Join Date: Dec 2004
Location: Route 66
I have been puzzling over the term 'Montmorency' with this sword. As I noted previously, the term Montmorency was one I always noted in collecting British cavalry swords many years back. It was clearly a cross section which had an extra groove along the back of the blade in addition to the hollowed fuller.
I had never really pursued what the 'Montmorency' was for, assuming it was simply the name of someone who invented the form.
In trying to discover more here, all I can find is that this cross section and type of blade was attributed to a Count Cloiseul de Beaune who was of/or commanded a unit called the Montmorency dragoons c. 1710 + It was said these were made at Klingenthal.
This blade style apparently remained obscure until the 1780s, around the time of the French Revolution in 1789.

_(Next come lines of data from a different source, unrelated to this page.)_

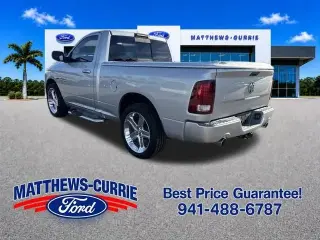 Ram 1500 2014 4x2 R/T 2dr Cabina Regular 6.3 ft. SB Pickup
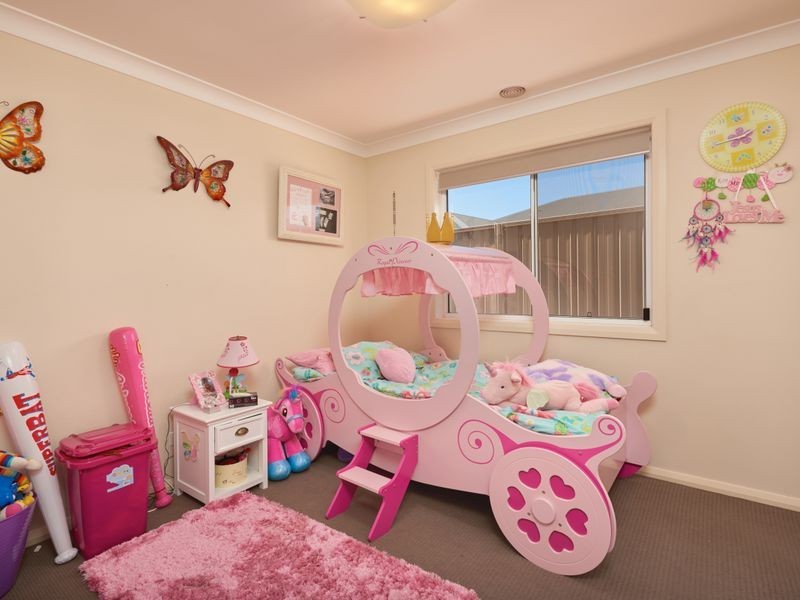 69 Lingiari Drive, Lloyd NSW 2650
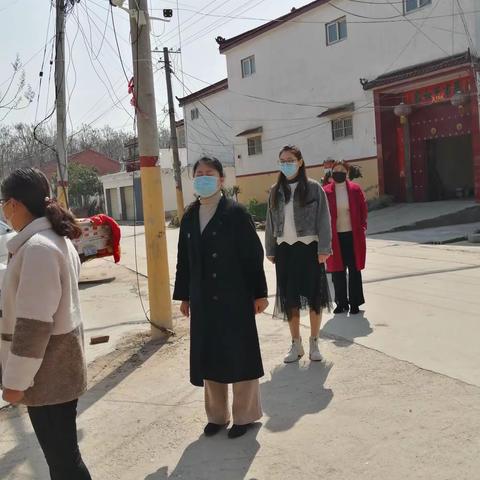 柏梁实小组织开学模拟演练
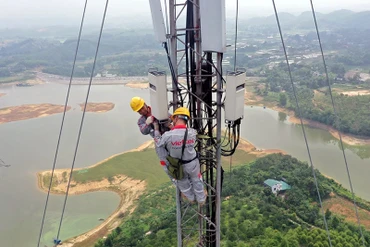 Nhân viên kỹ thuật Viettel huyện Yên Sơn thực hiện nâng cấp, bảo dưỡng trạm phát sóng.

Apparently this unit was still active in these times, and the blade type, being more effective and stronger attracted attention enough it was used in swords for the 2nd Chasseurs c. 1799, and in use Napoleonic years IX and XI (1801, 1803). By 1822, the blade type became regulation in the M1822 cavalry sabre.

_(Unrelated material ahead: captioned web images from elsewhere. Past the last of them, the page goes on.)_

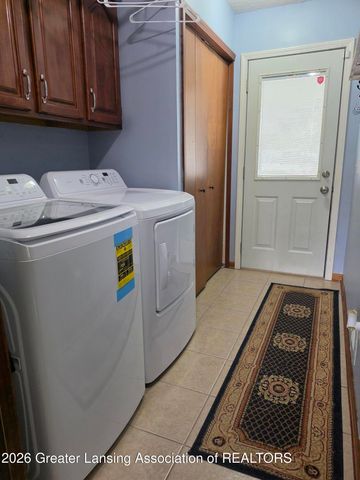 301 Windy Rush Lane, Dewitt, MI 48820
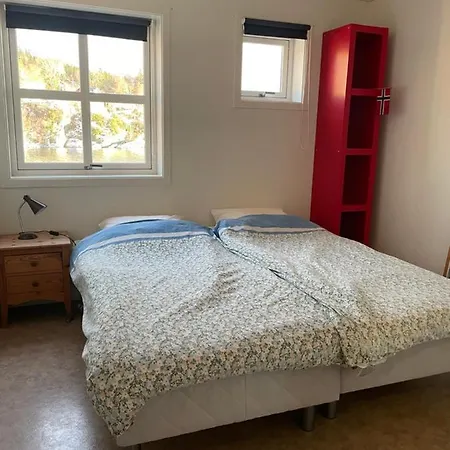 Spacious With View Over The Trondheimfjord Vangshylla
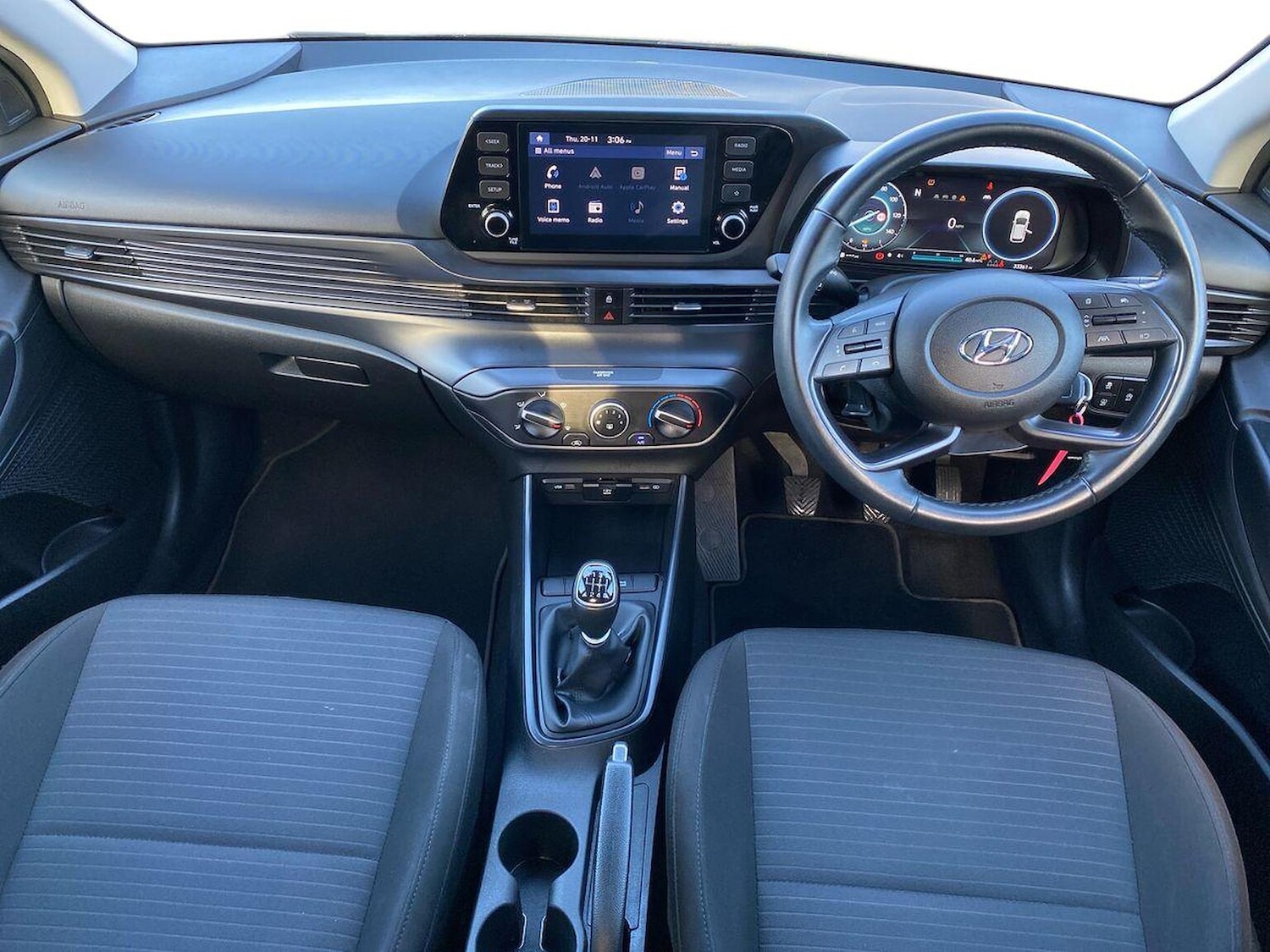 Used Hyundai i20 2023 for sale - 76741152: Photo 8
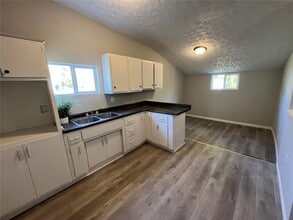 822 N Wolfe St in Muncie, IN - Building Photo - Building Photo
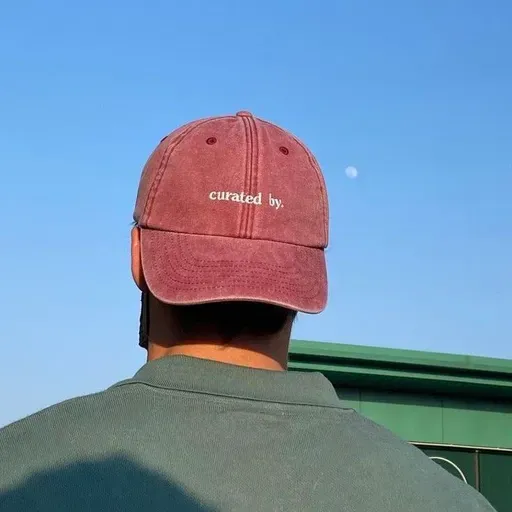 من أوراق طفل أبدي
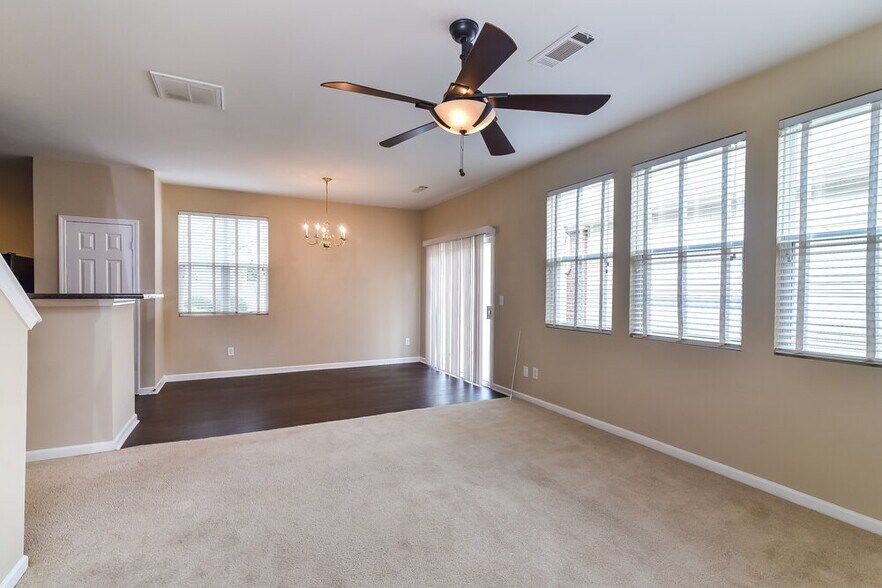 Building Photo - 3625 Roseman Landing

In one entry, it is noted the blade was used by the 'OLD' dragoons Montmorency and the 'Eveche' (1788).
I do not know what 'the Eveche' means, but would really like to know more of this French dragoon unit, and why it is named 'Montmorency', and more on the blade form.
I hope those out there keen on Napoleonic and French patterns might shed some light on this.
Norman, I had never heard of a 'little Montmorency' until now, and clearly there is a lot of history behind this. Thank you again for posting this wonderful example, and the great pages illustrating related examples of these French swords.